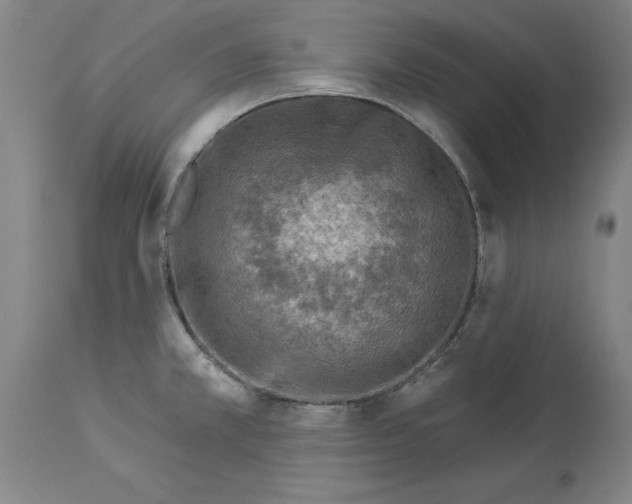X0000113961381200911061316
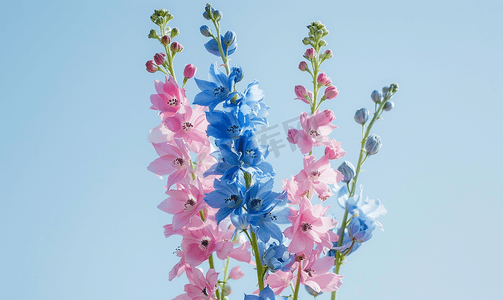 灌木枝叶摄影照片_蓝色和粉红色的飞燕草花
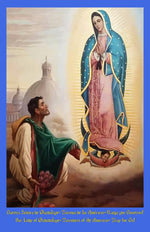 Load image into Gallery viewer, Our Lady of Guadalupe with St. Juan Diego Art Print - Catholicamtees
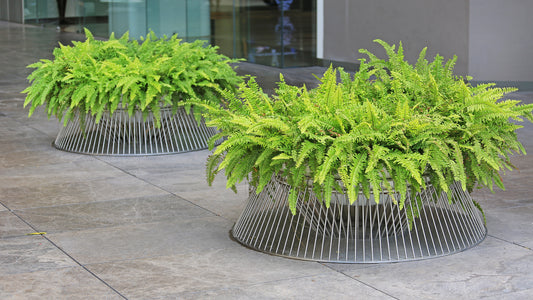 Top 10 Tips For Boston Fern Care and Growth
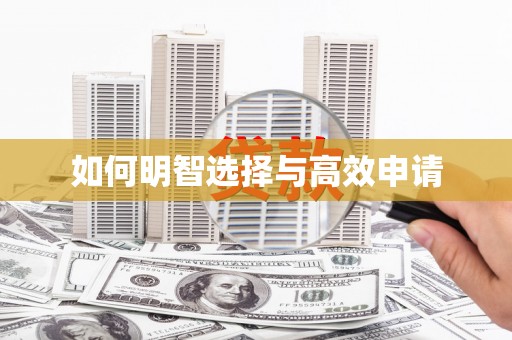小金如何明智选择与高效申请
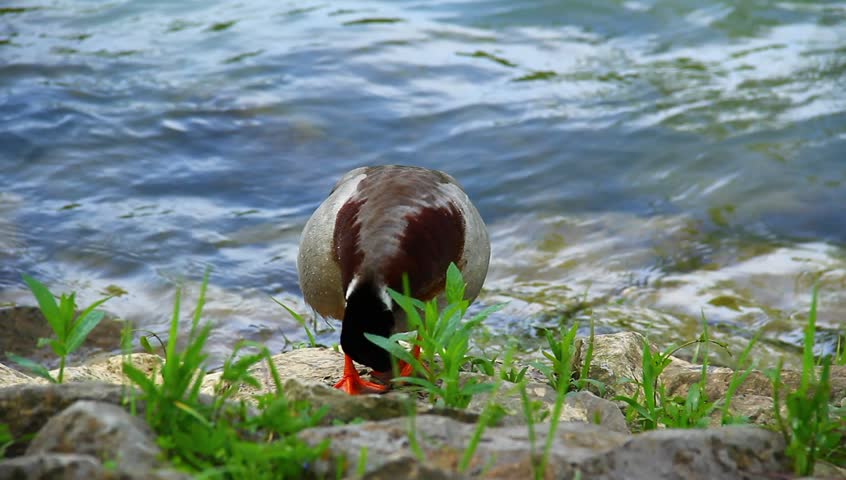 Ducks near the river coast.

* _Goal of the exercise_:
Your answer must consist solely of the lines from the one containing "Top 10 Tips For Boston Fern Care and Growth" through the last line of the records above, copied exactly, with every picture left out.

* _Task output_:
 Top 10 Tips For Boston Fern Care and Growth
小金如何明智选择与高效申请
 Ducks near the river coast.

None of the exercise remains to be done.